There were only a few people on the Internet until it became visual. Now it's taking over the communication world, all because pictures and graphics were added. Shouldn't this tell us something? Journalism is in a precarious time. The public demands more sensation after more sensation. Well, the big secret is there is just not enough sensation to go around. What does any industry do when there is not enough product? They manufacture more. In respectable news circles, it's called "speculation." Speculation is a false attempt to bring order out of the chaos of the deluge of information.

Human organizations handle chaos by imposing order? Ancient military organizations invented discipline. Governments and the Industrial Revolution extended this formula. Early industrialists had to transform the individual discipline of farmers to the orderly process of manufacturing.

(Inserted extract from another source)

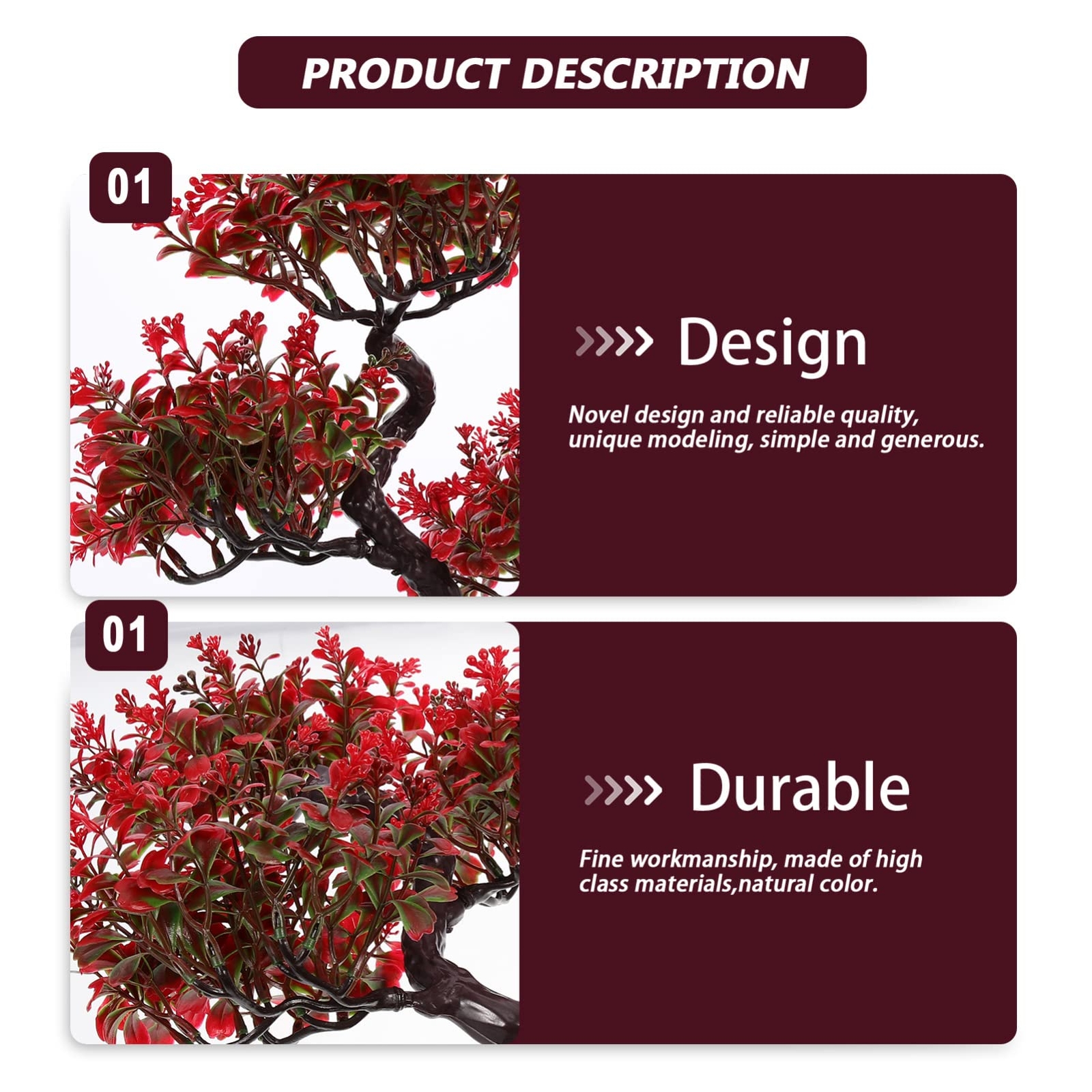 Home Decor Artificial Bonsai Tree Red Small Fake Plants Decor Indoor Faux Pot…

That transformation was necessary with new industrial workers, but the information age demands a return to the individual discipline of agriculture, because the knowledge worker has the whole process within grasp.

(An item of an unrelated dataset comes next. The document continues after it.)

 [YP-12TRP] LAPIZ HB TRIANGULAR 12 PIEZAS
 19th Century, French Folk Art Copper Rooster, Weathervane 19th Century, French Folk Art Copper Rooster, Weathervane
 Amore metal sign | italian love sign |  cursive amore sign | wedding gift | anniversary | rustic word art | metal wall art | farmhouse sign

Find a Humanistic Approach

That's the idea, individual journalists finding their own, humanistic approach. Changing approach will be easier for reporters than photojournalist. The photojournalist is stuck outside a door, waiting for Mr., Mrs., or Ms. sensation to come out. If the digital camera could record speculation visually, it would be greater success. Isn't that a disgusting thought?

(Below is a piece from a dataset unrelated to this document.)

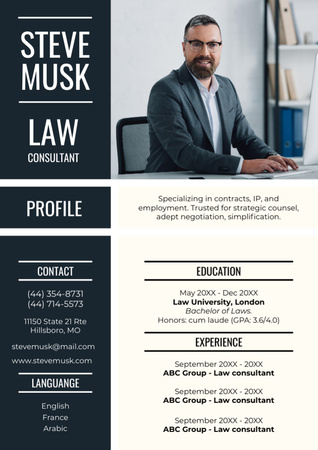 Platilla de diseño Skills of Law Consultant with Man at Workplace Resume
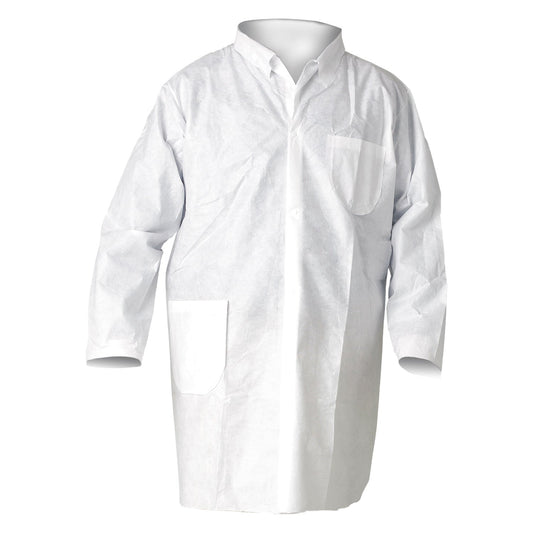 KleenGuard A20 Breathable Particle Protection Lab Coats, Snap Closure/Open Wrists/Pockets, X-Large, White, 25/Carton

Well, if you are a practicing photojournalist, you are living this nightmare. You are not documenting the life and times of your community, you are chasing greater and greater sensations. What is the contribution to a better informed electorate if 50 photojournalists stand outside a door waiting for a young woman to come out?

When news was documentary, photojournalists were in a strong position. Now that news must satisfy rising expectations for sensation, photojournalism hangs around outside, literally and figuratively.

The life and times of your community is a continuing process. It's false journalism to pick certain points in this process and sensationalize them. It's like ending every sentence with an exclamation point!

How do we get out of this type of photojournalism? We've got to find time to change in spite of the next deadline. Today's edition of a paper represents a successful yesterday, not a successful future. Adjust your time warp to consider the future, beyond the next edition.

Graphic Design is Running Photojournalism

The last great, new ideas in American photojournalism grew from the adoption of the 35mm camera in the 1960s. Photojournalists could explore a situation with 36 exposures rather than arrange something for the two sides of a film holder. A graphic design revolution is the only major idea since the 1960's. We are averaging one major (non-technological) idea every 20 years. (Color has hypnotized us with its brilliance, but not its content or contribution to visual narrative.) People in other industries laugh at our progress rate.

Let's invent content design. While graphic design arranges word and picture reporting already done, content design arranges content BEFORE it's done. "Arrange" in the sense of assessing the full news report over time. Celebrity coverage is exhausted, so look for content in the 99+ percent of the world's people who are not celebrities.  It shouldn't be that hard. I'd like to have this bumper sticker printed, "IAMITT." Ideas are more important than things." Although photographs might seem to depict only things, the ideas in a photo make the great photographs.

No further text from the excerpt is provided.